Make an exact copy of the listing below. Pictures stay out of it.

▸ RAW DATA:
--- --- ---
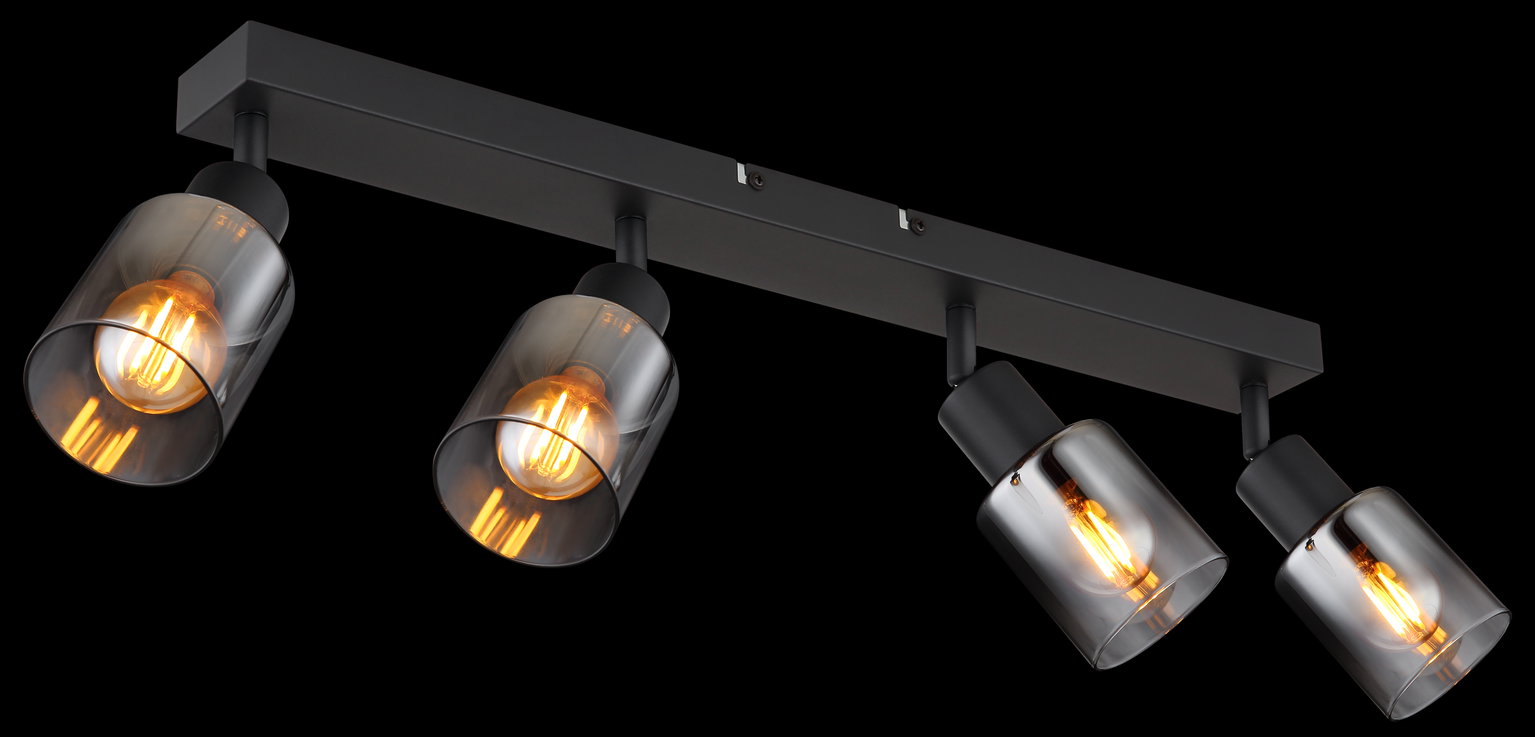 Taškinis šviestuvas GLOBO HUBERTUS, 4 x E14, 40W, 230V, matinės juodos sp, 7 x 56 x 14 cm-1
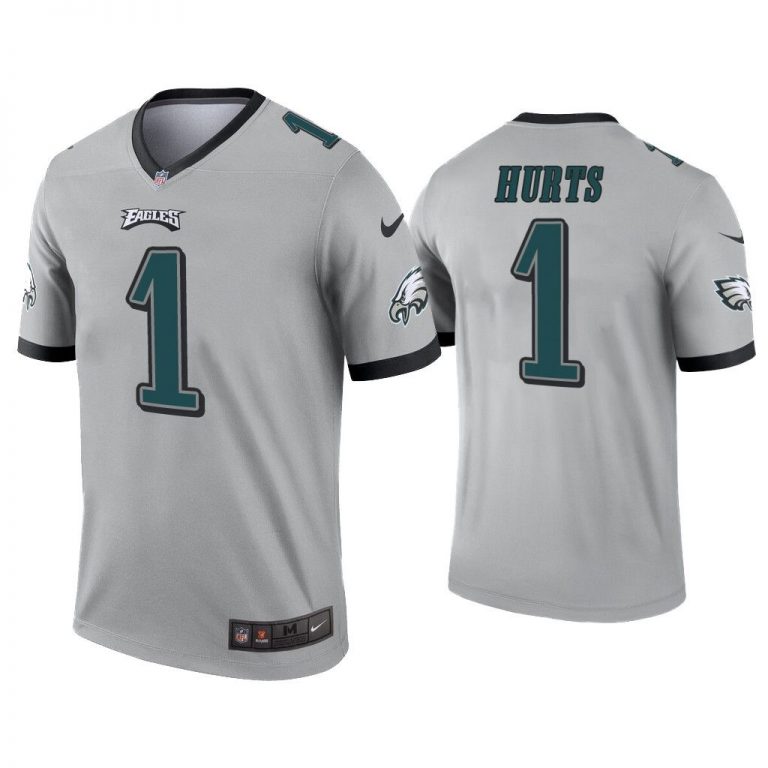 Men Jalen Hurts Philadelphia Eagles Silver Inverted Legend Jersey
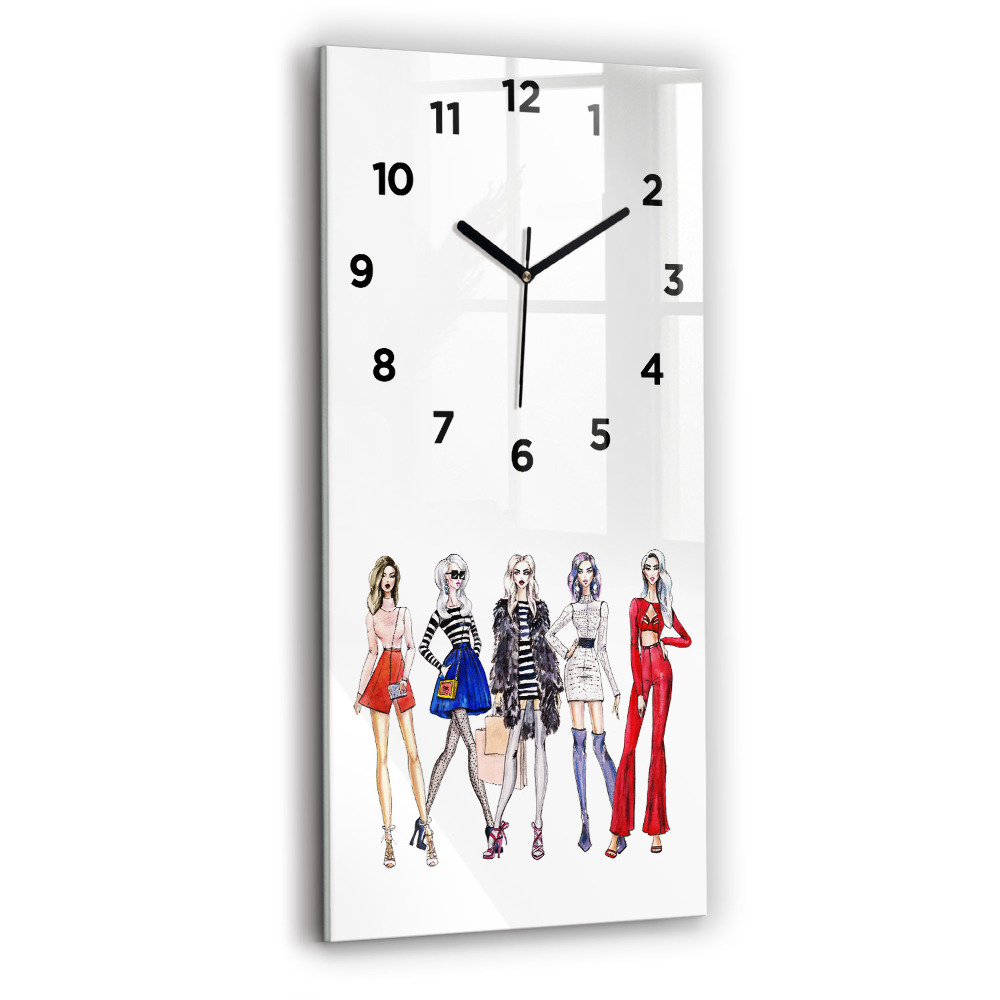 Horloge murale en verre rectangulaire Filles à la mode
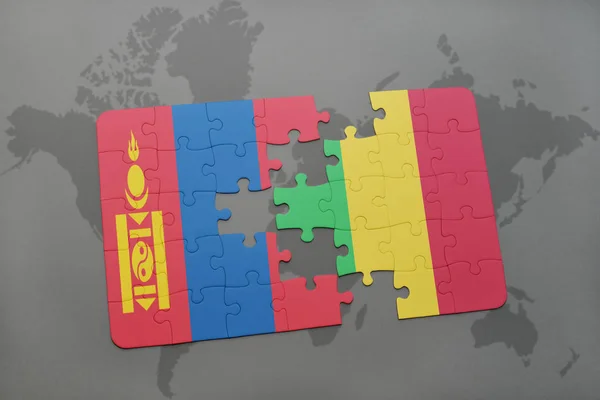 Puzzel met de nationale vlag van Mongolië en mali op een wereldkaart — Stockfoto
--- --- ---
▸ RESULT:
 Taškinis šviestuvas GLOBO HUBERTUS, 4 x E14, 40W, 230V, matinės juodos sp, 7 x 56 x 14 cm-1
 Men Jalen Hurts Philadelphia Eagles Silver Inverted Legend Jersey
 Horloge murale en verre rectangulaire Filles à la mode
 Puzzel met de nationale vlag van Mongolië en mali op een wereldkaart — Stockfoto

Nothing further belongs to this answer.